Publishers like books that have legs, books that sell themselves through that good witch WordOfMouth, but it was always the same old story – how could they know if a book had legs if they wouldn’t take it for a walk? Publishing, like any career move, had its own version of “must have experience to get hired but can’t get experience unless you get hired.” This is one manhole cover that the ebook revolution has pried open just a crack. Now you can find out for yourself if your book has any legs, but it isn’t a straight shot. There remain forces beyond one’s control. Over the course of the past year or so, I have discovered a thing or two about the legs a few of my own books have.

Let’s call them very short legs, dwarf legs if you like, legs not long enough to attract wolf whistles but legs enough to stagger on down the lane. Fellow book-leg-seekers might find some notes about this journey to be of interest.

To begin with, there’s Amazon Kindle – one thing within my control was actually putting the books there.
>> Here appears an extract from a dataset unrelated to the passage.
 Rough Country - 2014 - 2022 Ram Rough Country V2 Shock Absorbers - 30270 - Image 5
Some things outside of my control were setting the price I wanted (free), setting the categories I wanted (well, I set them, but they ended up somewhere else), and random promotions. Two of my books have experienced these random promotions now – the same two twice: Snapdragon Alley and Zombie Nights, last October and last week were both marked down to FREE from 99 cents, and the results were sweet. More than 5,000 downloads combined. More than 170,000 bestseller slots climbed (I know, it’s absurd, they will fall just as rapidly down).

Snapdragon Alley ended up in the Top 10 FREE in the unlikely category of “Young Adult – Spine-Chilling Horror’, although there is nothing really spine-chilling about it. Young Adult, yes, but pretty much Sci-Fi or ‘Unexplained Phenomena’ if you like.
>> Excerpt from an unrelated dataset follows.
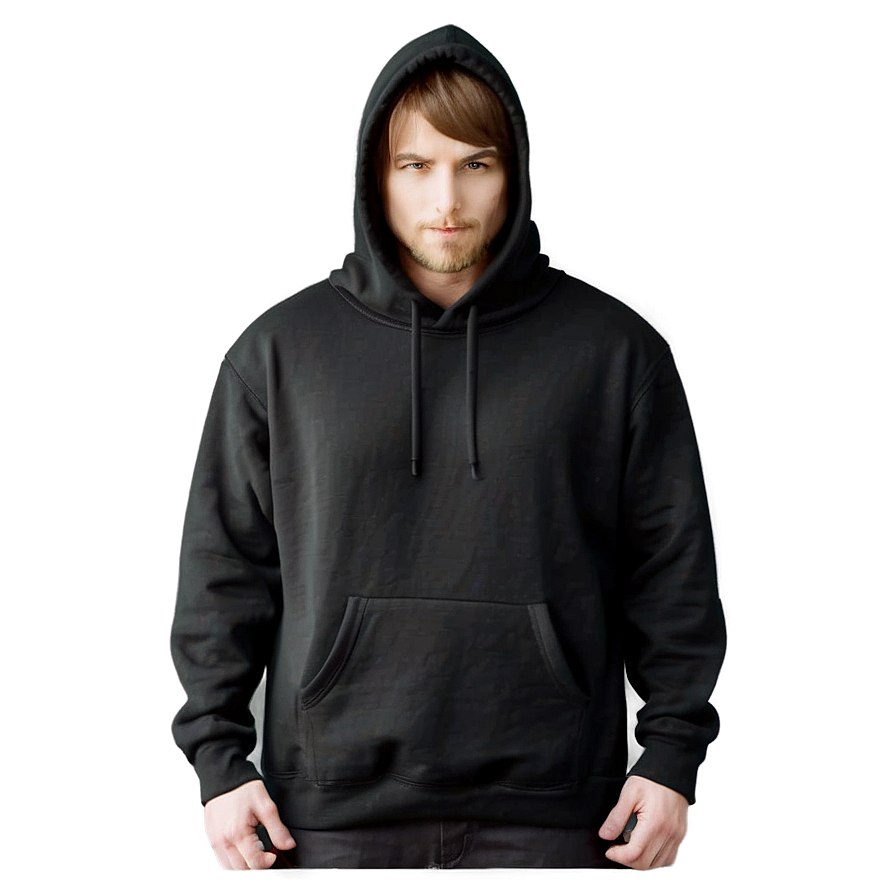 Anime Hoodie Png 05242024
Zombie Nights ended up in the Top 10 FREE of ‘Occult’. Again, what’s so occult? It’s an oddball take on the zombie thing, told from the point of view of a rather incompetent undead guy.
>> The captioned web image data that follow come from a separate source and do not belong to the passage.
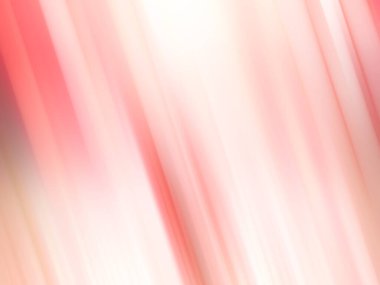 soyut pastel yumuşak renkli yumuşak bulanık dokulu arka plan pembe tonlu odak tonundan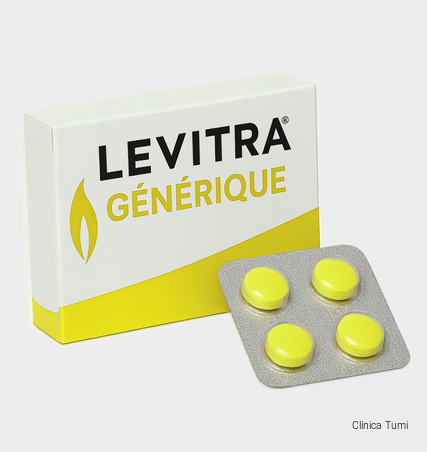 levitra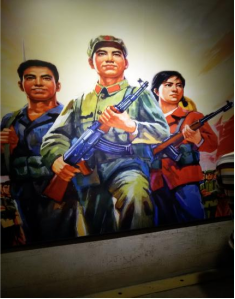 https://img2.danews.cc/upload/ajax/20250724/0753229670ac34854ed3df7aea9b77bf.png https://img2.danews.cc/upload/ajax/20250724/0753229670ac34854ed3df7aea9b77bf.png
I’m of course happy that Amazon gave them away for a week – I give them away all the time on both Smashwords and Feedbooks, where they’ve both been downloaded a lot, and I already knew about their legs from those places – reviews have been mixed, ‘stars’ have been average, ‘favorites’ have been rare. But Amazon is the real big deal, is it not? If you can make it there …

But the Amazon experience confirmed that these books do not have much in the way of legs. I know this because Snapdragon Alley is book one of a trilogy and the other two books are 99 cents each. You would think that people who enjoyed book one for free might plop down a buck for the next one. Some did. 20 in fact so far (more in the UK than in the US), out of the total of around 3000. That’s like, woah, where’s my calculator? 1 in every 150? If you think our prices are low, wait till you check out our popularity!

Okay, so not much in the way of legs. But 20 new readers who liked them in one week!!! That is an increase of a zillion percent over nothing, which is where my books were before this whole ebook thing really took off.

The most inspirational thing I ever heard came from my friend Cynthia, who said, of gardening tomatoes: one tomato is great, anything more is abundance.